Ignace Township Council approved a revised memorandum of understanding with the Nuclear Waste Management Organization, which is funded by nuclear power producers, this week.
Interim Mayor Kim Baigrie said Thursday in a news release that the agreement’s renewal is an important step but any final decision to participate in a nuclear waste project will require debate and a vote by township council and community consent.
The memorandum “is just a matter of reaffirming the connection between Ignace and the NWMO and confirming that commitment we both have to move forward in this process. That's all there is to it,” NWMO spokesperson Vince Ponka said in an interview.
The agreement is in effect until the end of 2024, or earlier if either party chooses to back out. Its stated purpose is “to foster and facilitate effective communication and negotiation” toward a “hosting agreement” if the NWMO decides to build a deep geological repository for spent nuclear fuel near Ignace.
The memo’s Section 3 states that entering the agreement “does not constitute community consent” to a deep geological repository.
The Ignace-Wabigoon Lake Ojibway Nation area is one of two finalists for hosting an eventual underground repository for used nuclear fuel. The other finalist is the South Bruce and Saugeen Ojibway Nation area in southern Ontario.

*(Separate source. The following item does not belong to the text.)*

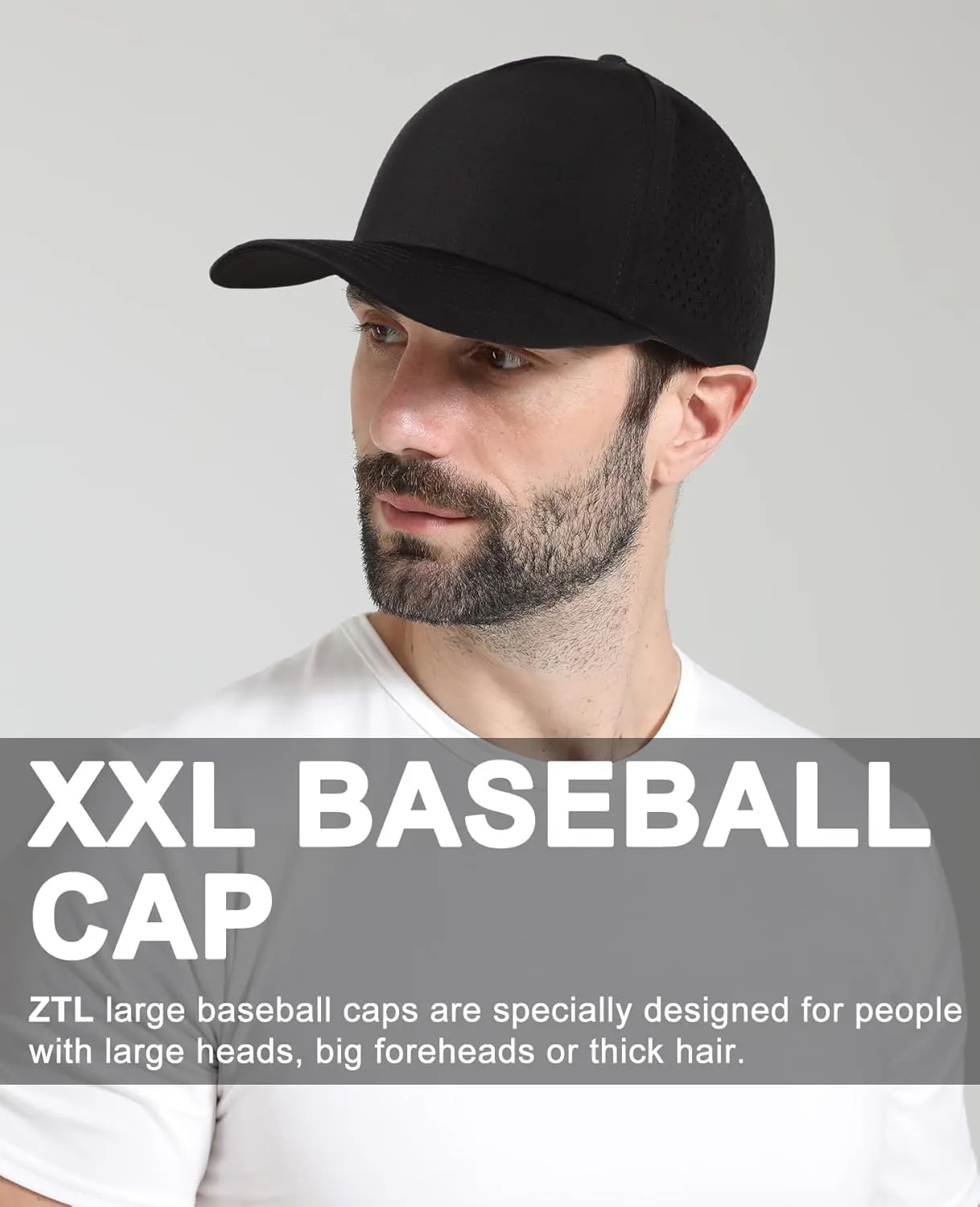 Oversize XL XXL Men Quick Dry Baseball Cap Water-Resistant Performance Laser Cut Mesh Snapback Hat for Big Heads 23.5"-26"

The NWMO has said it will choose a site in late 2024.
Sections 7 and 8 of the memo bind both parties to confidentiality and state that either side’s “communication with media” can be done only with written consent of the other side.
Ponka said that is standard terminology in memorandums of agreement.
We the Nuclear Free North’s Charles Faust said it’s problematic that the NWMO gets to vet what information gets out.
“It’s an undemocratic process that they've embarked upon,” he said.
“There is no transparency and no accountability, and it makes it very hard for people to understand the true nature of what's being proposed.”
The NWMO does “a lot of the work behind closed doors and we only see the tip of things,” Faust said.
The revised memo’s approval by council came about two weeks ahead of a 10-member Ignace delegation’s trip to Finland to see the northern European country’s almost-completed deep geological repository and a nuclear power plant. A delegation from Wabigoon Lake Ojibway Nation made a similar visit to Finland in the summer.